A note on the work's relationship to Irlekar 2002
Dr. Suhasini Yashwant Irlekar's 2002 Marathi monograph Sant Janabai is named at length here because of the unusual depth of its presence in the trail behind this volume. It supplied the gathā numbering convention we follow on the Abhangas page; the early-pass cluster organisation of the verse-readings; the eleven-stage developmental scheme treated in Chapter II; the recognition (also in Chapter II) of dāsya, vātsalya, and a Vārkarī-inflected sakhya as Janabai's three home registers among the classical five bhāvas; and the literature-survey base from which the early chapters were initially drafted. The chapter prose is ours; the readings of individual abhangas are ours; the synthesis with the wider scholarship (Novetzke, Glushkova, Pawar, Constable, Abbott's Mahipati) is ours. But Irlekar's frame of attention is in many places the frame this study adopted, and the reader should know it. The chapter colophons and the Sources apparatus name her wherever her specific contribution shaped a reading.
What this volume does not claim
It does not claim a critical-edition standing for any abhanga. The Marathi text is the standard one; no manuscript collation has been done.
It does not claim to have made fresh attributions to or from the Janabai corpus. The core abhangas and the addendum verses are marked according to the source trail by which they reached this edition.
It does not claim that its English renderings are definitive.

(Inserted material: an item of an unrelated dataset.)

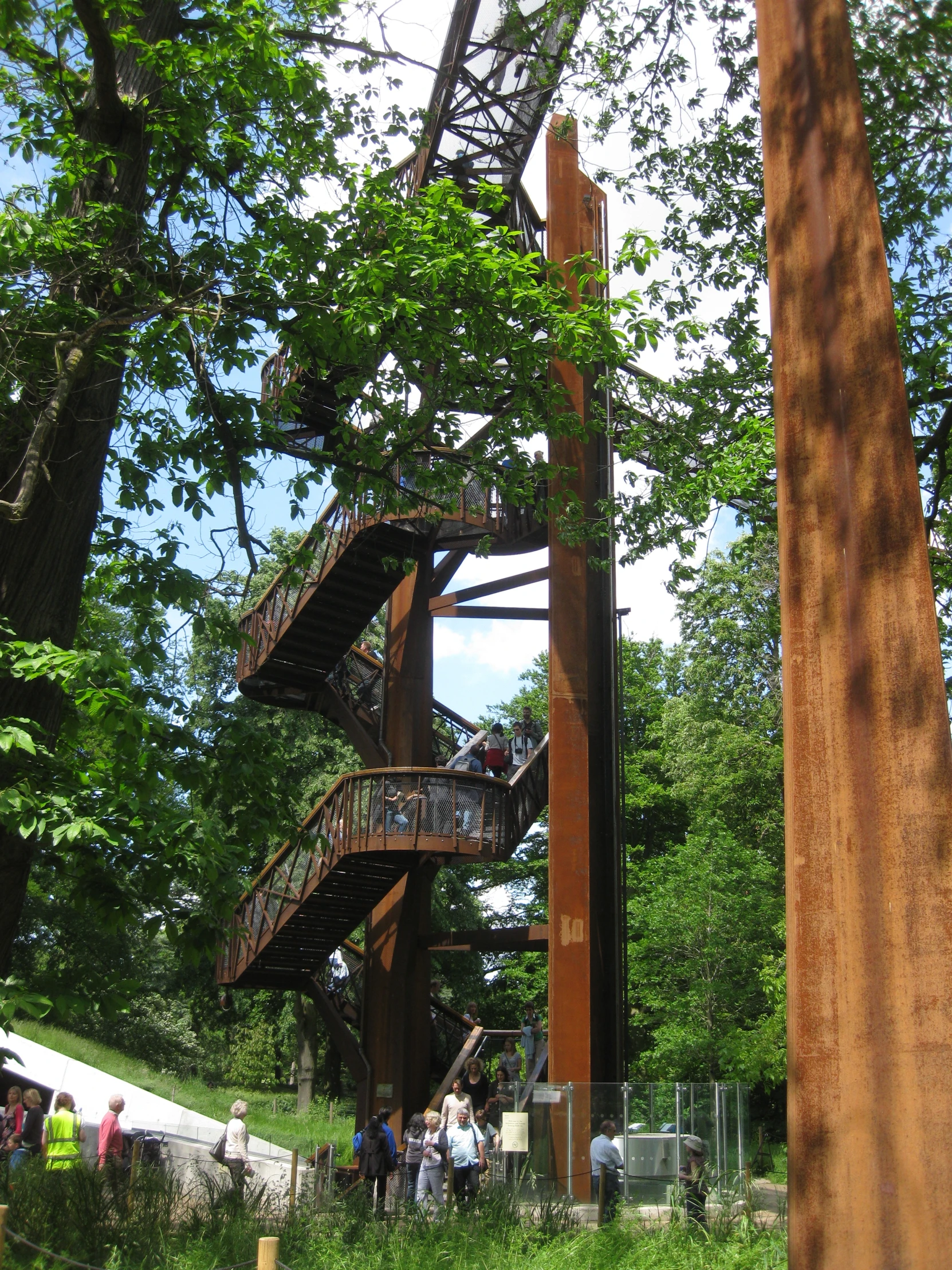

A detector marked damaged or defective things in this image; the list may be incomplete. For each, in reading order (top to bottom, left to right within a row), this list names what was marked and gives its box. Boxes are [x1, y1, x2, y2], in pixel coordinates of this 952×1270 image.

They are one careful pass; better translations will follow as Janabai gains fuller English-language attention.
It does not claim independence from the scholarly trail it walked. Irlekar 2002 in particular has been a sustained companion throughout, named at the points of use.

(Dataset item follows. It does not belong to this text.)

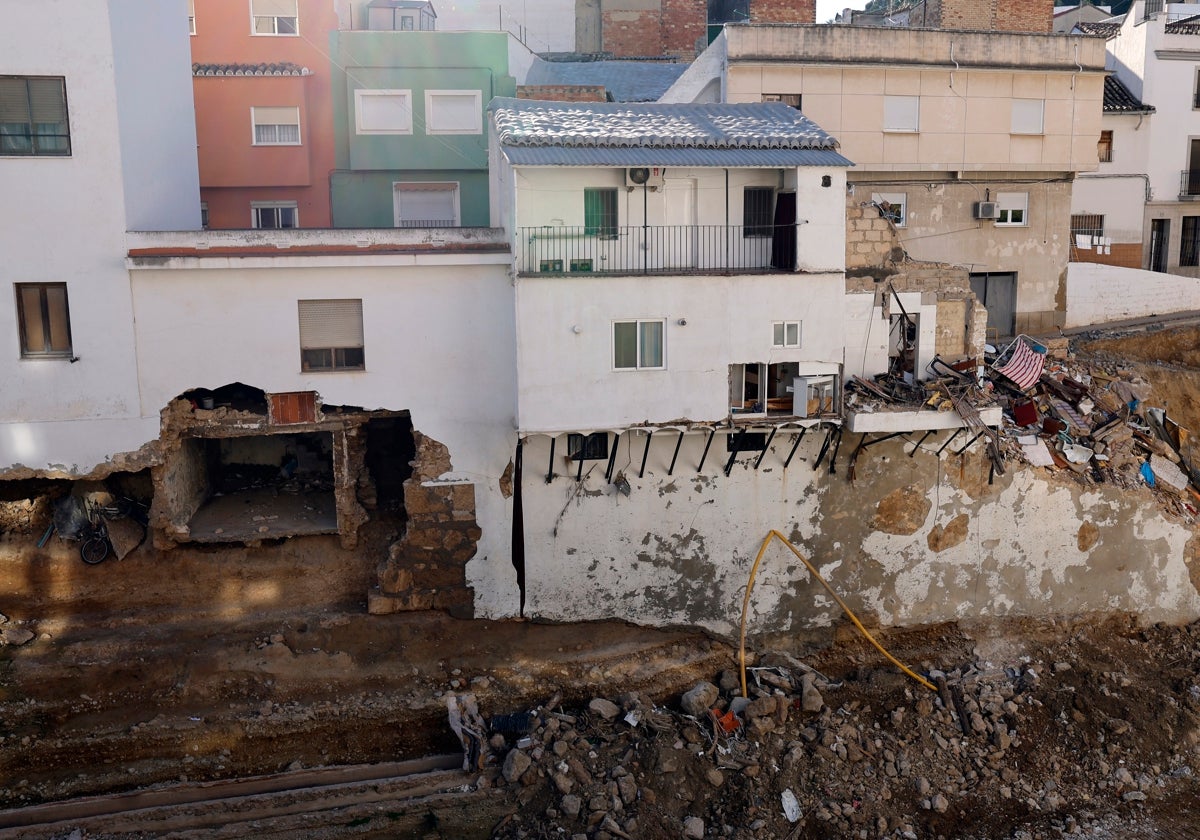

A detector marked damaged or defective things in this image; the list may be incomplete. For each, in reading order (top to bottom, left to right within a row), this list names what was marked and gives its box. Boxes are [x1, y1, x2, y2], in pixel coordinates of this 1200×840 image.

cracked plaster wall [518, 432, 1200, 638]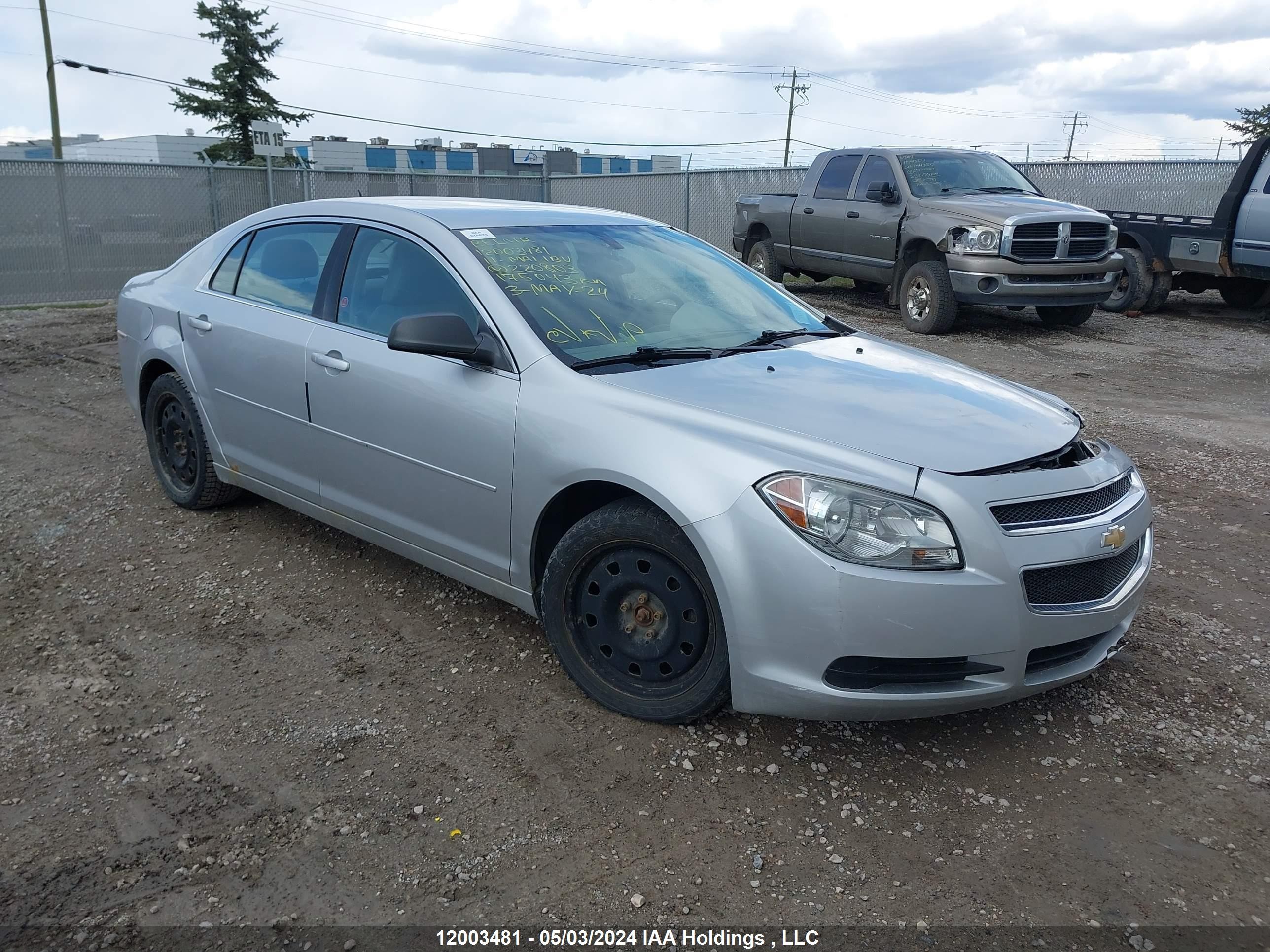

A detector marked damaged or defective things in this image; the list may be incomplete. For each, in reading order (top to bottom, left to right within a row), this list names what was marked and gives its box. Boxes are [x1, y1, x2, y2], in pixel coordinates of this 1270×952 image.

damaged hood [604, 335, 1082, 477]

It does not claim to be a substitute for the singing of Janabai's verses by living Vārkarī performers. The companion is meant to invite the reader toward the tradition, not to stand in its place.
Edition
An invitation
If you have read your way to this page, the verses themselves are best heard sung, in Marathi, by the people who have inherited them. The closest most readers of this volume will get to that experience is at a Vārkarī kīrtana at Pandharpur, or at a household kīrtana anywhere in Maharashtra, or in the recordings of singers like Bhīmsen Joshī, Pandit Kumar Gandharva, and others who have brought sant-verse to a wider audience over the last century. The chapters here have done their work if they have made it possible for the English-reading reader to walk into one of those settings and recognise what is happening.